• _ENTRIES SUPPLIED_:
____
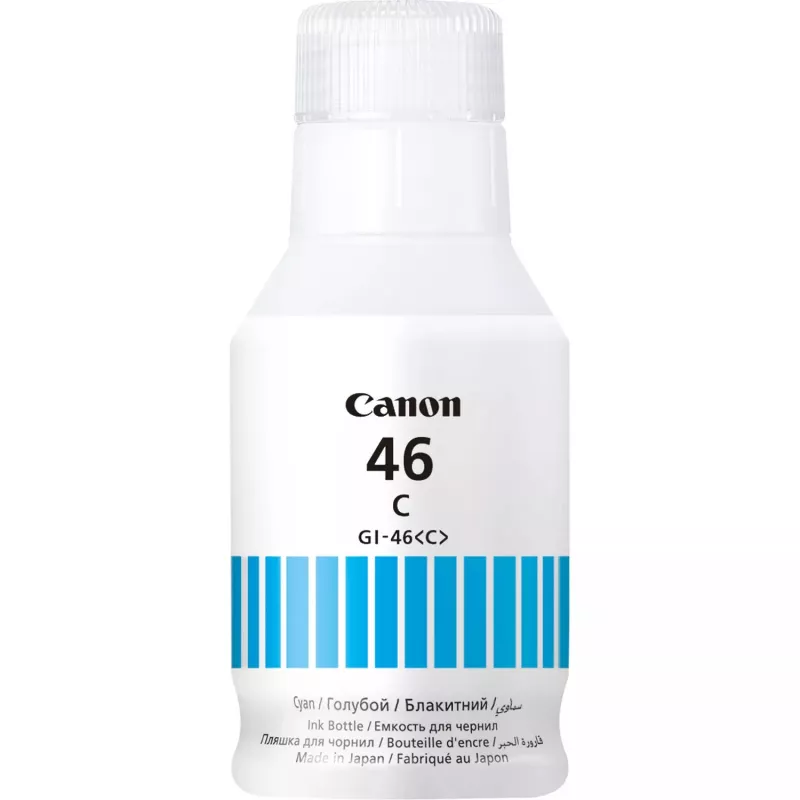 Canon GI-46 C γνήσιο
____
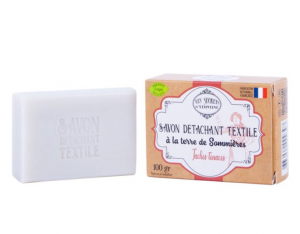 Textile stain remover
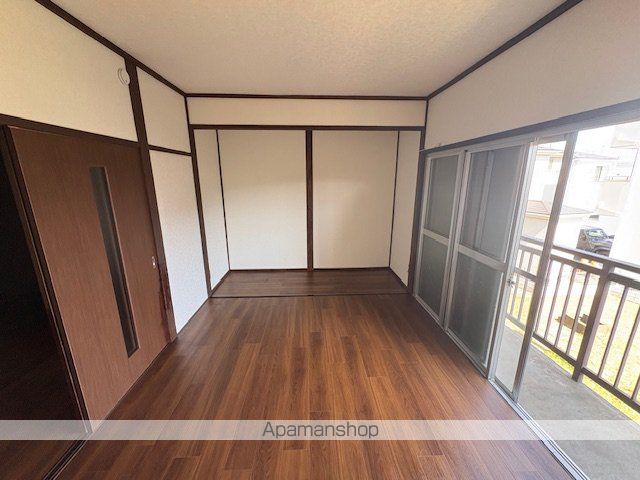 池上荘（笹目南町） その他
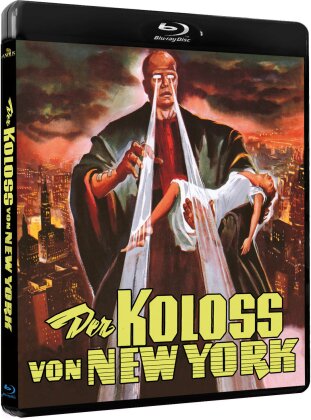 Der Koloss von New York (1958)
____
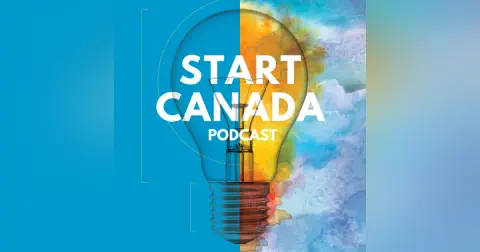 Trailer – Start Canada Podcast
____
• _EXERCISE GOAL_:
Keep to the stretch from the line containing "Textile stain remover" through the line containing "Der Koloss von New York (1958)", both ends included, and copy it exactly from the listing above, minus the pictures.

• _RESPONSE BELOW_:
 Textile stain remover
 池上荘（笹目南町） その他
 Der Koloss von New York (1958)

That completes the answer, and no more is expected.